16. The backlight according to claim 15,

wherein the light output patterns comprise a first light output pattern, a second light output pattern, and a third light output pattern that are sequentially arranged in a first direction,

wherein a distance between a center of the first light output pattern and a center of the second light output pattern is equal to a distance between the center of the second light output pattern and a center of the third light output pattern,

wherein an area of the second light output pattern is larger than an area of the first light output pattern, and

wherein an area of the third light output pattern is larger than an area of the second light output pattern.

17. The backlight according to claim 16,

wherein the light output patterns further comprise a fourth light output pattern and a fifth light output pattern that are sequentially arranged in a second direction from the first light output pattern,

wherein the second direction is different from the first direction,

wherein a distance between the center of the first light output pattern and a center of the fourth light output pattern is equal to a distance between the center of the fourth light output pattern and a center of the fifth light output pattern,

wherein an area of the fourth light output pattern is larger than the area of the first light output pattern, and

wherein an area of the fifth light output pattern is larger than the area of the fourth light output pattern.

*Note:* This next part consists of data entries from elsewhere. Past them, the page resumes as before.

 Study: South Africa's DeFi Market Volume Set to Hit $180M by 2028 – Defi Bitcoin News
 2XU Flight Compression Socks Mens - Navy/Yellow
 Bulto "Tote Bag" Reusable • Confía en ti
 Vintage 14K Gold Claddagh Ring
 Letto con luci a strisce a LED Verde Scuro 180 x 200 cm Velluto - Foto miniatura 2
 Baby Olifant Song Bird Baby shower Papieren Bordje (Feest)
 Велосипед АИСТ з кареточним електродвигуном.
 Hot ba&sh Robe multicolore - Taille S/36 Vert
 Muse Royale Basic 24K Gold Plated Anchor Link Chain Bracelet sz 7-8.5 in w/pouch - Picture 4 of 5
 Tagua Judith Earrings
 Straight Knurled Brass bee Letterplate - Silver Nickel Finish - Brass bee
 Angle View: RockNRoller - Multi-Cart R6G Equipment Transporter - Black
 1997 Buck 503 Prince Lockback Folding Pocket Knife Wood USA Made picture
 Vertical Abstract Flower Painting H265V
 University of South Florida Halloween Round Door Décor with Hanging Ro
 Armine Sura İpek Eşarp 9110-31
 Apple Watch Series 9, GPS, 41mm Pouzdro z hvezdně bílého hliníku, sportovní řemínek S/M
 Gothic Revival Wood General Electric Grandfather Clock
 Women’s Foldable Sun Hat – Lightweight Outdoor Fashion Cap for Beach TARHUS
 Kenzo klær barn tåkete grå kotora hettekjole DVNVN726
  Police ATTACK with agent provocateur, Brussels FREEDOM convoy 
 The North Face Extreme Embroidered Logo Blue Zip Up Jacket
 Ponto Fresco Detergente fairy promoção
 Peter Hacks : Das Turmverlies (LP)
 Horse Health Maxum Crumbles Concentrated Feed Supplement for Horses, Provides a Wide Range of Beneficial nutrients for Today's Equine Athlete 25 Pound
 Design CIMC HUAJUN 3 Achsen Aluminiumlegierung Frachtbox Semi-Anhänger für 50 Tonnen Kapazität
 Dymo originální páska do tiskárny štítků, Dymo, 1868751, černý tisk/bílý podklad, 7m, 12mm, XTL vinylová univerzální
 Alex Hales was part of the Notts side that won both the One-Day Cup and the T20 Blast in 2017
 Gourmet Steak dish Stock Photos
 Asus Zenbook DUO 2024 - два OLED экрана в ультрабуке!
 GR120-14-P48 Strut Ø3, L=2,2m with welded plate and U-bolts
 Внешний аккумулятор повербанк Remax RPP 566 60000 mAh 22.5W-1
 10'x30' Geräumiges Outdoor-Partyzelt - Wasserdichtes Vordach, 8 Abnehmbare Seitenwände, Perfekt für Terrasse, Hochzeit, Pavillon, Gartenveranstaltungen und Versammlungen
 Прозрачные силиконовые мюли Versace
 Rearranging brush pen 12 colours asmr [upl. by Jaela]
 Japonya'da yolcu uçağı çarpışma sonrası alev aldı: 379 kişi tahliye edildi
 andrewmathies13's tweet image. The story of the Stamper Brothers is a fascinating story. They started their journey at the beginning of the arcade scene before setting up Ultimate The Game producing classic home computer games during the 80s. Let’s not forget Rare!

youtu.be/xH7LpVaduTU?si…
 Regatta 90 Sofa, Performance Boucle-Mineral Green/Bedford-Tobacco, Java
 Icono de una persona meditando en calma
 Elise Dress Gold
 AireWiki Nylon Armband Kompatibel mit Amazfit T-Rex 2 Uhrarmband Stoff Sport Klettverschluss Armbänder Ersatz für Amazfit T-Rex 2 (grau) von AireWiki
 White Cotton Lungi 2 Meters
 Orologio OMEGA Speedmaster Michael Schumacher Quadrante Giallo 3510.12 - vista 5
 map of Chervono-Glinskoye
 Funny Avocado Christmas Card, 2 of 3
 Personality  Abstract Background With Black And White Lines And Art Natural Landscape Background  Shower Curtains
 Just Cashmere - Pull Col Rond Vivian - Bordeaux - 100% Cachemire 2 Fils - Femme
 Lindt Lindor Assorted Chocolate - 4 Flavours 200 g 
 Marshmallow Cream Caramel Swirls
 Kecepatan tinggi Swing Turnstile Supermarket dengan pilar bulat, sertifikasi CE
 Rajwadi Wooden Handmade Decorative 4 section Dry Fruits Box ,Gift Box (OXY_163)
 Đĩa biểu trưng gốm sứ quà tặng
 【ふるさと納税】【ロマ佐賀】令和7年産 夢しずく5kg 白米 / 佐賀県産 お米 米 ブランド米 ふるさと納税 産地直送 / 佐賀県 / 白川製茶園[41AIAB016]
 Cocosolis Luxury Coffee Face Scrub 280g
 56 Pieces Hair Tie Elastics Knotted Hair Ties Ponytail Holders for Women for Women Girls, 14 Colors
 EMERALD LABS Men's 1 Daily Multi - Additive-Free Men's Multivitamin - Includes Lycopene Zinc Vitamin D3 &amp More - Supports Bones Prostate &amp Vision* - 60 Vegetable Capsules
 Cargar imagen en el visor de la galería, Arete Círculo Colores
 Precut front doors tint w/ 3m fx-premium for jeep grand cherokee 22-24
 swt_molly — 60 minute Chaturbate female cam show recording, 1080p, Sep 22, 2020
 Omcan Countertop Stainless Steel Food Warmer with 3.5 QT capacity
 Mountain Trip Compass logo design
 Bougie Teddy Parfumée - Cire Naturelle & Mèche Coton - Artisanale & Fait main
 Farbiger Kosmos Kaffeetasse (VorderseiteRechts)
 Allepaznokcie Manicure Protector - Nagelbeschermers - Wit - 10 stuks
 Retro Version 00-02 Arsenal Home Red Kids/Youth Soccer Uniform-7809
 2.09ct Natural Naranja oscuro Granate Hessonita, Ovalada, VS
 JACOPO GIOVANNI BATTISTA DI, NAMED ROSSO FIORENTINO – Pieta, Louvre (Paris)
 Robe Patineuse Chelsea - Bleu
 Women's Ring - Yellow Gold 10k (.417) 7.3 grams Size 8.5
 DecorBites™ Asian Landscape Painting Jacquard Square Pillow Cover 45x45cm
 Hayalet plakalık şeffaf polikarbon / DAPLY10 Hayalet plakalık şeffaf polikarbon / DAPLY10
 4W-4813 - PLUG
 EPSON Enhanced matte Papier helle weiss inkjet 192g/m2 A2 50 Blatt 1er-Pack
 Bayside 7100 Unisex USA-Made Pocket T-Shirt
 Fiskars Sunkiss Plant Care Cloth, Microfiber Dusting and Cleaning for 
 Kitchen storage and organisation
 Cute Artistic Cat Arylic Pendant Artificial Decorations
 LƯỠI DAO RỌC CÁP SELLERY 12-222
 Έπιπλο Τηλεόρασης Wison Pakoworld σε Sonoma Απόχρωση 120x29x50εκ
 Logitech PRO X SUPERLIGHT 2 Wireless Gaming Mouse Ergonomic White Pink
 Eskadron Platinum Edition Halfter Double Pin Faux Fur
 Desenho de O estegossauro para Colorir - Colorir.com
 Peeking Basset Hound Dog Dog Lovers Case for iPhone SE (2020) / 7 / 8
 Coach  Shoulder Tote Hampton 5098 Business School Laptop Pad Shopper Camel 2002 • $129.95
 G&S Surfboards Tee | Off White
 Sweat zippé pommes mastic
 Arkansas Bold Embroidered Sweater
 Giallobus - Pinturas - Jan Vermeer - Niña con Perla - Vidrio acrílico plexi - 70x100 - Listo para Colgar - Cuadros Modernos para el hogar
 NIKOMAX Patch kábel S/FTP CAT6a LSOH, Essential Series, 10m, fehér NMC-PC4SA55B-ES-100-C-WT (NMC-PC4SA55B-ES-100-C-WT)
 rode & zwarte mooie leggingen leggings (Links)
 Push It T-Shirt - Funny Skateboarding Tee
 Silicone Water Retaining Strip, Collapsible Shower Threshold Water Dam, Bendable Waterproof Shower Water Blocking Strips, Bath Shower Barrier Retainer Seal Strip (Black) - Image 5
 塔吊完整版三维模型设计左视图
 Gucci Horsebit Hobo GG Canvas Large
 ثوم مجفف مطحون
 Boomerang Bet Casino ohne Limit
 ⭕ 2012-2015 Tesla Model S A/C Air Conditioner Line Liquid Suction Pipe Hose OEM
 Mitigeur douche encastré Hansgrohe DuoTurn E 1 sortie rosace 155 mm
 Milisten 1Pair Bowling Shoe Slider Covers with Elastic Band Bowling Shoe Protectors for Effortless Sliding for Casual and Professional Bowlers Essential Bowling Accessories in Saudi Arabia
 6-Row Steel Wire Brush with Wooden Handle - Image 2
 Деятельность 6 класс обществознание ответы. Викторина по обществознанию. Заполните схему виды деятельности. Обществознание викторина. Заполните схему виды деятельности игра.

18. The backlight according to claim 15,

wherein the light output patterns comprise a first light output pattern, a second light output pattern, and a third light output pattern that are sequentially arranged in a first direction,

wherein areas of the first light output pattern, the second light output pattern, and the third light output pattern are equal to each other, and

wherein a distance between a center of the first light output pattern and a center of the second light output pattern is larger than a distance between the center of the second light output pattern and a center of the third light output pattern.

19. The backlight according to claim 16,

wherein the light output patterns further comprise a fourth light output pattern and a fifth light output pattern that are sequentially arranged in a second direction from the first light output pattern,

wherein the second direction is different from the first direction,

wherein areas of the first light output pattern, the fourth light output pattern, and the fifth light output pattern are equal to each other, and

wherein a distance between a center of the first light output pattern and a center of the fourth light output pattern is larger than a distance between the center of the fourth light output pattern and a center of the fifth light output pattern.

20. The backlight according to claim 15, further comprising an angular filter having first light transmissivity in a first incident-angle range,

wherein the first light transmissivity is lower than second light transmissivity in a second incident-angle range, and

wherein incident angle of the first incident-angle range is smaller than incident angle of the second incident-angle range.